A Georgia-born author of a 2017 New York Times bestseller says Columbia County Schools are doing students a disservice by removing her book and two others from a supplemental reading list.
“Dear Martin” by Nic Stone is one of three novels removed from a list of 17 books proposed by teachers and a selection committee Columbia School Superintendent Sandra Carraway removed due to concerns over coarse language and sensitive content.
Carraway said a violent scene involving a black teenager and police officers was a factor that prompted her to take “Dear Martin” off the supplemental reading list. The scene involving police conflict was “a very sensitive situation across the nation,” she said.

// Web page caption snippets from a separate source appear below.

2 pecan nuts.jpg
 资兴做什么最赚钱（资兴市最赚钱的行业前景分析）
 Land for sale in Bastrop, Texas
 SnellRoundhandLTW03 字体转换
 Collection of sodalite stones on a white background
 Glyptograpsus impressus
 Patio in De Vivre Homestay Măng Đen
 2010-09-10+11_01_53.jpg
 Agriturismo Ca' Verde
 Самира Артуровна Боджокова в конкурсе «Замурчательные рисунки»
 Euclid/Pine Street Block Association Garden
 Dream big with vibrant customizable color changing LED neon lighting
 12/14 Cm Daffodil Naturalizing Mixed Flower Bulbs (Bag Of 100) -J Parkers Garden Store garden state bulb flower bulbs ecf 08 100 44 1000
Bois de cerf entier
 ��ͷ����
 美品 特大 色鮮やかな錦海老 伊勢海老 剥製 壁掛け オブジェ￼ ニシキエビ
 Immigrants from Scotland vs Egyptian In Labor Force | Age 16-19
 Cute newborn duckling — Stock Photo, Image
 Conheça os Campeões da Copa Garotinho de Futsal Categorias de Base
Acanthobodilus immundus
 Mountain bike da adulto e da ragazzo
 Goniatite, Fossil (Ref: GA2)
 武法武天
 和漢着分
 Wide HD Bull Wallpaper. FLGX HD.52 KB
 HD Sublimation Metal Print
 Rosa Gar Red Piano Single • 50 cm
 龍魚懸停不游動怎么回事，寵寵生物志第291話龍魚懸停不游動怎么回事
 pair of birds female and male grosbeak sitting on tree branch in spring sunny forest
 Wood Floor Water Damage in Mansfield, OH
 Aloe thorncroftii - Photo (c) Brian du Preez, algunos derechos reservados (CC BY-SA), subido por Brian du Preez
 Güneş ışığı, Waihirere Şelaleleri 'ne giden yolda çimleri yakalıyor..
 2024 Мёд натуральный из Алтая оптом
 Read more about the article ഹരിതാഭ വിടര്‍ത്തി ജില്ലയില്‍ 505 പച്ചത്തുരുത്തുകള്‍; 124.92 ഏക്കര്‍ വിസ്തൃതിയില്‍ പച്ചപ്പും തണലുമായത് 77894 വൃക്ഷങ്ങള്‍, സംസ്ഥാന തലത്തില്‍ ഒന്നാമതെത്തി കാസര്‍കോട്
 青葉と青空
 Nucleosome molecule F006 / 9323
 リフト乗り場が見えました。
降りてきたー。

The schools in her district recently hired campus safety officers, she said.
Students in 10th grade classes would have had the option of reading the novels for supplemental studies.
“You can imagine if it’s that sensitive in the adult realm, in a class of 14 or 15 year-olds it can be more sensitive also,” Carraway said. “I do not believe we need to bring that kind of unrest and potential for divisiveness into a classroom of young teenagers.”
“Dear Martin” is the fictional story of a black high school senior who writes letters to Dr. Martin Luther King Jr. as a way to navigate his violent interactions with police and racial tensions at the predominantly white school he attends.
In addition to “Dear Martin,” “Regeneration” by Pat Barker and “The Curious Incident of the Dog in the Night-Time” by Mark Haddon are also removed from supplemental reading lists in the Augusta area’s Columbia schools.
Some argue that students should have opportunities to confront tough social issues presented in the books, allowing teachers to guide students through those subjects rather than skirting them entirely.
It is rare in Georgia for schools to set books off limits from the classroom or library shelves, said Kosha Tucker, an attorney with the Georgia chapter of the American Civil Liberties Union. Removing the books as a reading option seems problematic from a free-speech perspective, Tucker said.
“The (U.S.) Supreme Court has recognized, and we agree, that students should have access to a broad range of reading materials,” Tucker said.
Parents and educators occasionally push to remove a book from a public library in Georgia, said State Librarian Julie Walker. A local library board’s trustees usually decides whether to keep the book and state officials aren’t usually involved, although the state’s public library system favors collections that represent many different views, she said.
“Occasionally, there is an item that is deemed not appropriate for a collection and it is removed,” Walker said. “But generally, that is the exception, not the norm.”
School districts should have book selection policies crafted by a variety of teachers, parents and administrators all involved in the final decision, not just a superintendent, said Holly Frilot, president of the Georgia Library Media Association. Those policies should also distinguish between books picked for course teaching and for placement in libraries, she said.
“To not require it in the classroom is one thing,” Frilot said by phone last week. “To not have it on a library shelf, to me that is an area of concern because you have a very small group of people making decisions.”
Carraway said she stands by her decision to remove the three books and heard support from many people in the Augusta area. She said she understands critics of the decision, but her objections to content and language in the books outweighed the literary value she thinks they might offer students. Carraway likened her task of curating books for young people to a rating system used for movies.
“If a movie is rated R, a student that’s not 17 or older can’t go see those movies unless a parent’s with them,” Carraway said. “So when we looked at novels, that’s kind of the approach we used.”
Stone said she appreciates Carraway’s concerns about the language in her book, but says the decision to remove it from the supplemental list doesn’t serve the best interests of students. The novel was inspired by actual officer-involved killings of black teenagers, real-life situations that she argued students should confront in the classroom.
“These are REAL issues,” Stone said by email. “And as young people are affected, removing their opportunity to discuss what’s happening in the world – through the lens of fiction – in spaces where they are meant to learn, is shortsighted.”